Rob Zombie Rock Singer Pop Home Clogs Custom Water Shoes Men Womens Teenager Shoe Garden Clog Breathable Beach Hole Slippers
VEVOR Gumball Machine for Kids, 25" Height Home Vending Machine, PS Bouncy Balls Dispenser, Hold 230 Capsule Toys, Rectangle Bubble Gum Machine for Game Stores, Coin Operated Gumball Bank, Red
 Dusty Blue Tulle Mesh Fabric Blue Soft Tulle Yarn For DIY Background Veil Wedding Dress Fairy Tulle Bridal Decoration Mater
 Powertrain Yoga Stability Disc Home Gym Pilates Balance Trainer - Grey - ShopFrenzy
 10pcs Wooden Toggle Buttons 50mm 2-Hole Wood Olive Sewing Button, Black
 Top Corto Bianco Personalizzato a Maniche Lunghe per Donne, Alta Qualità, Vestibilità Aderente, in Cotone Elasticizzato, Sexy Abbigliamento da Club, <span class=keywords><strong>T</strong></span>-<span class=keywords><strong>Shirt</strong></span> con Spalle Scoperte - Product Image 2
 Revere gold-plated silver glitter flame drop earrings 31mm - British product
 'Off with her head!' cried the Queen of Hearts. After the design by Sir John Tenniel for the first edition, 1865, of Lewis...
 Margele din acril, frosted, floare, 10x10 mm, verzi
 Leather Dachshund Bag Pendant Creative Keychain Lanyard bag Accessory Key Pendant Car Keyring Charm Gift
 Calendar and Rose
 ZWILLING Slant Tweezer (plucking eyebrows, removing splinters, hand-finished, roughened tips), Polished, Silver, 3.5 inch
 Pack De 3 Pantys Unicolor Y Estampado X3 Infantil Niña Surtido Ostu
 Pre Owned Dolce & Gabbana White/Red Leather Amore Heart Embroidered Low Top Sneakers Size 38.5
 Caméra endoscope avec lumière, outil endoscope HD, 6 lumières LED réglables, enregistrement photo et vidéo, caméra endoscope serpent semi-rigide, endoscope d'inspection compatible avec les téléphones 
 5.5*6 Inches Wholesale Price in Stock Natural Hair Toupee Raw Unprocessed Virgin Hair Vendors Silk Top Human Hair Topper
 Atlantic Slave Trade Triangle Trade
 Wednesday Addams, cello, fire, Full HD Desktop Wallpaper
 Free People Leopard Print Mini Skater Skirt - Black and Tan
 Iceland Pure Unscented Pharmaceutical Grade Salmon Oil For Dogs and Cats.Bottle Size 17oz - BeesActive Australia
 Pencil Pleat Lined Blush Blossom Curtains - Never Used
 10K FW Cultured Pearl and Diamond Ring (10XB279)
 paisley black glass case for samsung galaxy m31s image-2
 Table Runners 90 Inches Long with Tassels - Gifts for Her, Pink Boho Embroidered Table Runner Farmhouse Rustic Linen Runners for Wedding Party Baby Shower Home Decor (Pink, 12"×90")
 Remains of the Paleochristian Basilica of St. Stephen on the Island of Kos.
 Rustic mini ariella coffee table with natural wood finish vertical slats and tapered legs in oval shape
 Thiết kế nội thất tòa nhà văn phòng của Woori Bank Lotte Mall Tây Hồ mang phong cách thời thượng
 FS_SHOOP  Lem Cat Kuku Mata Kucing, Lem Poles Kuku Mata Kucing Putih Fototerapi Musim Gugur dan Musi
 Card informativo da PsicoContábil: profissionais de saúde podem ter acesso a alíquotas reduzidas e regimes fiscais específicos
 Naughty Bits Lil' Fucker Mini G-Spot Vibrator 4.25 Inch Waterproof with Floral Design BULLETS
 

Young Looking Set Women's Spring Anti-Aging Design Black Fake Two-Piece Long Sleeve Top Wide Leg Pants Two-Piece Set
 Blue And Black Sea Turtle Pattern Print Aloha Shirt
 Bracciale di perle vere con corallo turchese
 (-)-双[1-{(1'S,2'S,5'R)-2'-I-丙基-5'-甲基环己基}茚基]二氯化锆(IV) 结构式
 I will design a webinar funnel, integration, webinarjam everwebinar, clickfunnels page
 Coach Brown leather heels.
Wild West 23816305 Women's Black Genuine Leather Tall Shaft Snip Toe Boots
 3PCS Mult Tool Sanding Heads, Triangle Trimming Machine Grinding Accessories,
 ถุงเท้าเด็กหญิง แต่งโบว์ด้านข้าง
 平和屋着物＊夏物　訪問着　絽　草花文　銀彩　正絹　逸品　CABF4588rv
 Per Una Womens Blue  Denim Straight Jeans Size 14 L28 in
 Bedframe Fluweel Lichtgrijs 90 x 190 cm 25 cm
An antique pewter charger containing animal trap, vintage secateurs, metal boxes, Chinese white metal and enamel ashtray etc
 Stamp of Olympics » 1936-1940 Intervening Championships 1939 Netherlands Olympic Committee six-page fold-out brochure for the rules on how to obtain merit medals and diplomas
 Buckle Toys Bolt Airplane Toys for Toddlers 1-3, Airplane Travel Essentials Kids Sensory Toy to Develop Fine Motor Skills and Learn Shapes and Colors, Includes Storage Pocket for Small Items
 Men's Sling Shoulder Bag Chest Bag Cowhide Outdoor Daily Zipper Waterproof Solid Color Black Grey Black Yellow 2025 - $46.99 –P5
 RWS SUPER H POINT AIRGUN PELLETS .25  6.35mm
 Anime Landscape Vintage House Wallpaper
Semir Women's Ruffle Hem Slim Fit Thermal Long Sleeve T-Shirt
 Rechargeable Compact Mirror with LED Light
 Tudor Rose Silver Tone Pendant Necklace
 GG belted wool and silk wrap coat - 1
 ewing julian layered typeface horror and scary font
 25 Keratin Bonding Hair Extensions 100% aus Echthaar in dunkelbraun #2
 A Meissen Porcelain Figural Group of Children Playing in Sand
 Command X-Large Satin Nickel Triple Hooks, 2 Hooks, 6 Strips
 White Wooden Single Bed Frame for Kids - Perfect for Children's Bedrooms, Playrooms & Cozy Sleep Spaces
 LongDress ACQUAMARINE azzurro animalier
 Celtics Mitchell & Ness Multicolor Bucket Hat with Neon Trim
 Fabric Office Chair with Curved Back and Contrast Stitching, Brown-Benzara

+===+

◆ What to do ◆
Output the full listing exactly as given.

◆ Solution to this task ◆
Rob Zombie Rock Singer Pop Home Clogs Custom Water Shoes Men Womens Teenager Shoe Garden Clog Breathable Beach Hole Slippers
VEVOR Gumball Machine for Kids, 25" Height Home Vending Machine, PS Bouncy Balls Dispenser, Hold 230 Capsule Toys, Rectangle Bubble Gum Machine for Game Stores, Coin Operated Gumball Bank, Red
 Dusty Blue Tulle Mesh Fabric Blue Soft Tulle Yarn For DIY Background Veil Wedding Dress Fairy Tulle Bridal Decoration Mater
 Powertrain Yoga Stability Disc Home Gym Pilates Balance Trainer - Grey - ShopFrenzy
 10pcs Wooden Toggle Buttons 50mm 2-Hole Wood Olive Sewing Button, Black
 Top Corto Bianco Personalizzato a Maniche Lunghe per Donne, Alta Qualità, Vestibilità Aderente, in Cotone Elasticizzato, Sexy Abbigliamento da Club, <span class=keywords><strong>T</strong></span>-<span class=keywords><strong>Shirt</strong></span> con Spalle Scoperte - Product Image 2
 Revere gold-plated silver glitter flame drop earrings 31mm - British product
 'Off with her head!' cried the Queen of Hearts. After the design by Sir John Tenniel for the first edition, 1865, of Lewis...
 Margele din acril, frosted, floare, 10x10 mm, verzi
 Leather Dachshund Bag Pendant Creative Keychain Lanyard bag Accessory Key Pendant Car Keyring Charm Gift
 Calendar and Rose
 ZWILLING Slant Tweezer (plucking eyebrows, removing splinters, hand-finished, roughened tips), Polished, Silver, 3.5 inch
 Pack De 3 Pantys Unicolor Y Estampado X3 Infantil Niña Surtido Ostu
 Pre Owned Dolce & Gabbana White/Red Leather Amore Heart Embroidered Low Top Sneakers Size 38.5
 Caméra endoscope avec lumière, outil endoscope HD, 6 lumières LED réglables, enregistrement photo et vidéo, caméra endoscope serpent semi-rigide, endoscope d'inspection compatible avec les téléphones 
 5.5*6 Inches Wholesale Price in Stock Natural Hair Toupee Raw Unprocessed Virgin Hair Vendors Silk Top Human Hair Topper
 Atlantic Slave Trade Triangle Trade
 Wednesday Addams, cello, fire, Full HD Desktop Wallpaper
 Free People Leopard Print Mini Skater Skirt - Black and Tan
 Iceland Pure Unscented Pharmaceutical Grade Salmon Oil For Dogs and Cats.Bottle Size 17oz - BeesActive Australia
 Pencil Pleat Lined Blush Blossom Curtains - Never Used
 10K FW Cultured Pearl and Diamond Ring (10XB279)
 paisley black glass case for samsung galaxy m31s image-2
 Table Runners 90 Inches Long with Tassels - Gifts for Her, Pink Boho Embroidered Table Runner Farmhouse Rustic Linen Runners for Wedding Party Baby Shower Home Decor (Pink, 12"×90")
 Remains of the Paleochristian Basilica of St. Stephen on the Island of Kos.
 Rustic mini ariella coffee table with natural wood finish vertical slats and tapered legs in oval shape
 Thiết kế nội thất tòa nhà văn phòng của Woori Bank Lotte Mall Tây Hồ mang phong cách thời thượng
 FS_SHOOP  Lem Cat Kuku Mata Kucing, Lem Poles Kuku Mata Kucing Putih Fototerapi Musim Gugur dan Musi
 Card informativo da PsicoContábil: profissionais de saúde podem ter acesso a alíquotas reduzidas e regimes fiscais específicos
 Naughty Bits Lil' Fucker Mini G-Spot Vibrator 4.25 Inch Waterproof with Floral Design BULLETS
 

Young Looking Set Women's Spring Anti-Aging Design Black Fake Two-Piece Long Sleeve Top Wide Leg Pants Two-Piece Set
 Blue And Black Sea Turtle Pattern Print Aloha Shirt
 Bracciale di perle vere con corallo turchese
 (-)-双[1-{(1'S,2'S,5'R)-2'-I-丙基-5'-甲基环己基}茚基]二氯化锆(IV) 结构式
 I will design a webinar funnel, integration, webinarjam everwebinar, clickfunnels page
 Coach Brown leather heels.
Wild West 23816305 Women's Black Genuine Leather Tall Shaft Snip Toe Boots
 3PCS Mult Tool Sanding Heads, Triangle Trimming Machine Grinding Accessories,
 ถุงเท้าเด็กหญิง แต่งโบว์ด้านข้าง
 平和屋着物＊夏物　訪問着　絽　草花文　銀彩　正絹　逸品　CABF4588rv
 Per Una Womens Blue  Denim Straight Jeans Size 14 L28 in
 Bedframe Fluweel Lichtgrijs 90 x 190 cm 25 cm
An antique pewter charger containing animal trap, vintage secateurs, metal boxes, Chinese white metal and enamel ashtray etc
 Stamp of Olympics » 1936-1940 Intervening Championships 1939 Netherlands Olympic Committee six-page fold-out brochure for the rules on how to obtain merit medals and diplomas
 Buckle Toys Bolt Airplane Toys for Toddlers 1-3, Airplane Travel Essentials Kids Sensory Toy to Develop Fine Motor Skills and Learn Shapes and Colors, Includes Storage Pocket for Small Items
 Men's Sling Shoulder Bag Chest Bag Cowhide Outdoor Daily Zipper Waterproof Solid Color Black Grey Black Yellow 2025 - $46.99 –P5
 RWS SUPER H POINT AIRGUN PELLETS .25  6.35mm
 Anime Landscape Vintage House Wallpaper
Semir Women's Ruffle Hem Slim Fit Thermal Long Sleeve T-Shirt
 Rechargeable Compact Mirror with LED Light
 Tudor Rose Silver Tone Pendant Necklace
 GG belted wool and silk wrap coat - 1
 ewing julian layered typeface horror and scary font
 25 Keratin Bonding Hair Extensions 100% aus Echthaar in dunkelbraun #2
 A Meissen Porcelain Figural Group of Children Playing in Sand
 Command X-Large Satin Nickel Triple Hooks, 2 Hooks, 6 Strips
 White Wooden Single Bed Frame for Kids - Perfect for Children's Bedrooms, Playrooms & Cozy Sleep Spaces
 LongDress ACQUAMARINE azzurro animalier
 Celtics Mitchell & Ness Multicolor Bucket Hat with Neon Trim
 Fabric Office Chair with Curved Back and Contrast Stitching, Brown-Benzara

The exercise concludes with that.